Extracellular vesicles (EVs) are membrane-bound with a size of about 30–150 nm released by fusion of multivesicular bodies (MVB) with the cell plasma membrane [5]. They play a role in biology communication between cells and diverse pathogenesis of diseases as release from B cells and antigen presenting cells; including macrophages, dendritic cells (DCs), and natural killer cells. EVs are enriched with  proteins of  the tetraspanins family including CD63 and CD81 [6, 7] and molecules invovled in antigen-presentation to activated T cells (CD80, CD86, and MHC-II) [8].

EVs are carriers of tumor antigens and stimulate an antitumor response in mice [9, 10], which is a possible role for designing antitumor vaccines in human trials [11,12,13].  Additionally, the differences between EVs content in healthy and patient samples make it promising candidates for biomarker. EVs concentration in serum of infected mice with BCG or M. tuberculosis has been significantly higher in comparison with controls, suggesting EVs as a biomarker [14, 15]. More recently, studies have shown that tumor cells relaese EVs to accelerate tumor epithelial-mesenchymal transition, angiogenesis, and immune escape. The interaction between programmed cell death ligand-1 (PDL-1) and its receptor, programmed cell death 1 (PD-1), inhibits T cell responses, making EVs effective for immunotherapy of different cancers. Studies also have shown that PDL-1-releasing EVs inhibit anti-tumour immune responses [16]. Exosomal PDL-1 may target T cells and induce cell death [17]. In patients with melanoma, exosomal PDL-1 is also could be a marker of the clinical response to PD-1 blockage [16].

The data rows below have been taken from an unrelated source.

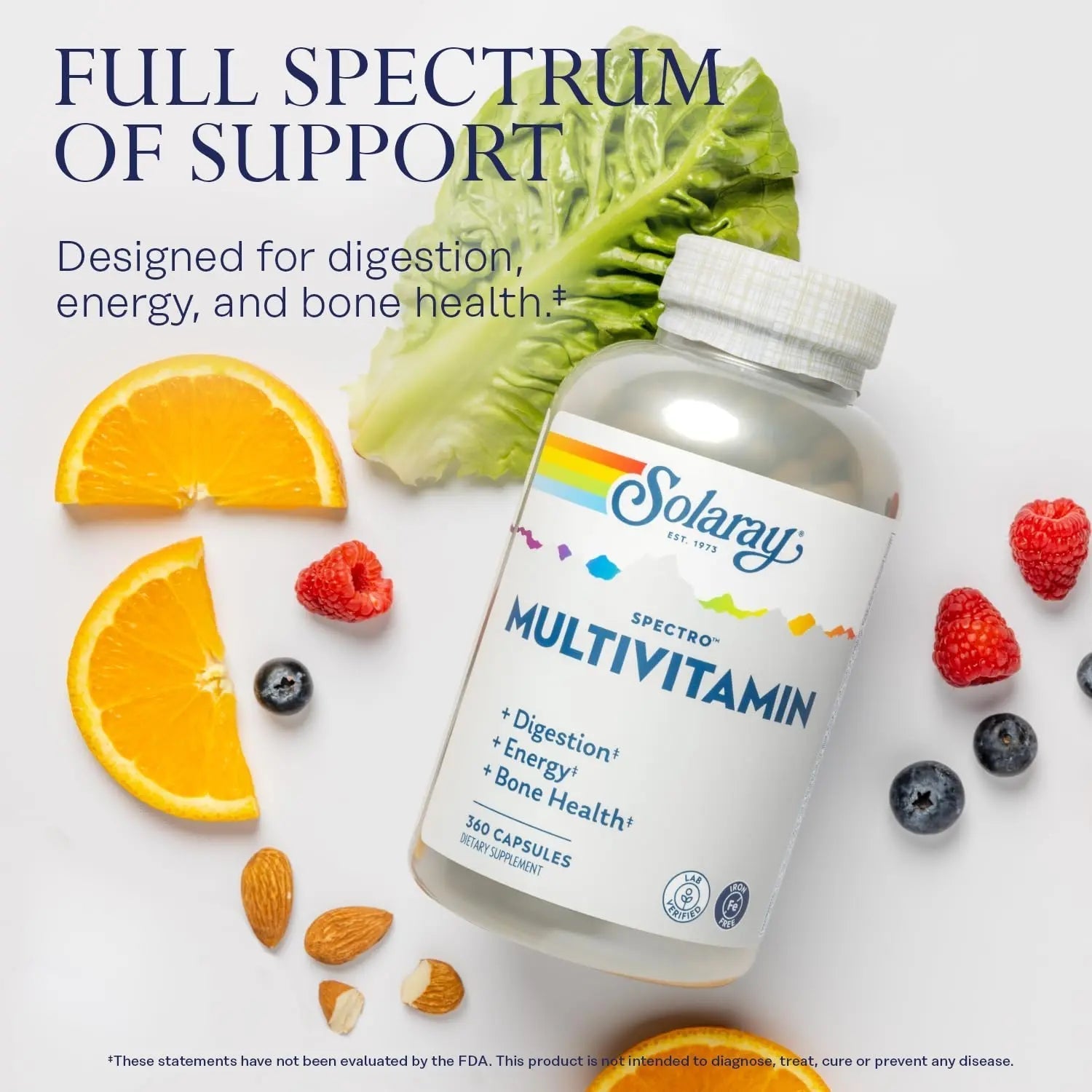 SOLARAY Spectro Multivitamin with Iron - Multi Vitamin with Calcium, Magnesium, Energizing Greens, Herbs & Digestive Enzymes SOLARAYAu supplements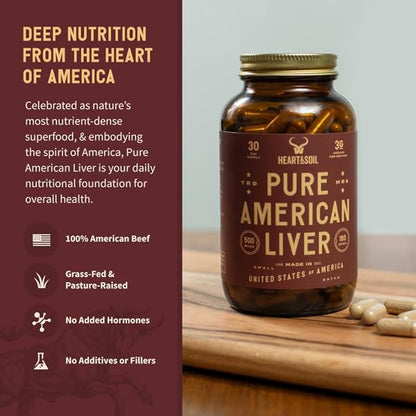 Pure American Beef Liver Capsules - Grassfed Beef Liver Supplement - Rich in Vitamins, Minerals, Peptides and Enzymes - Freeze-Dried Grass Fed Beef Liver - 180 Liver Capsules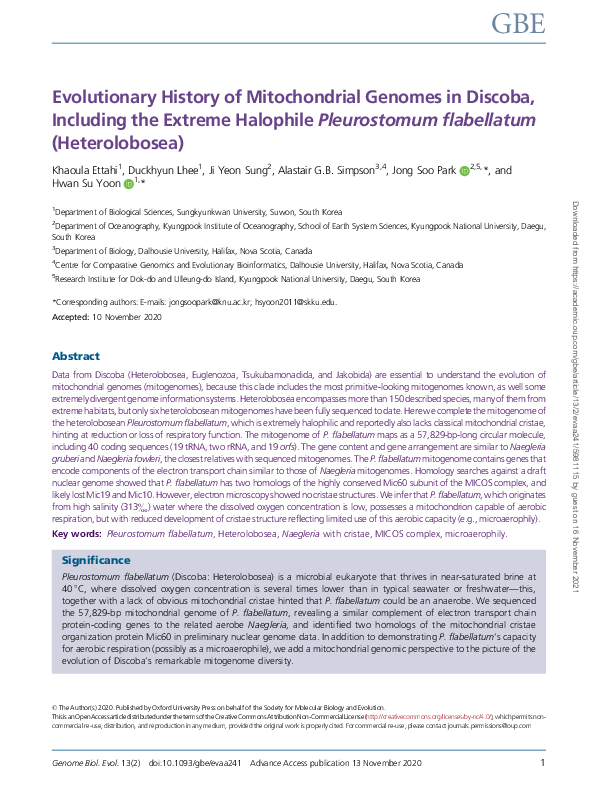 (PDF) Evolutionary History of Mitochondrial Genomes in Discoba ...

Once  the Mtb  invades the host cells, it would be lysed in macrophages, and its contents are degraded into short-peptide segments. By releasing EVs, the complex formed through short-peptides binding to MHC-I and MHC-II molecules on the surface of EVs and transported to the surface of macrophages in order to activate macrophages or CD8 + and CD4 + T lymphocytes. Thus, a specific immune response against M. tuberculosis will be initiated in consequence [18, 19]. Studies indicate that EVs released by infected cells could mediate the inhibition of immune responses by accelerating cell death of immune cells. By causing the cell death  of the primary host cell, mycobacteria could control the infection [20]. The modulatory of EVs released from Mtb-infected macrophages has been reviewed [19] and induced cell death by EVs in recipient cells has been evaluated [21, 22].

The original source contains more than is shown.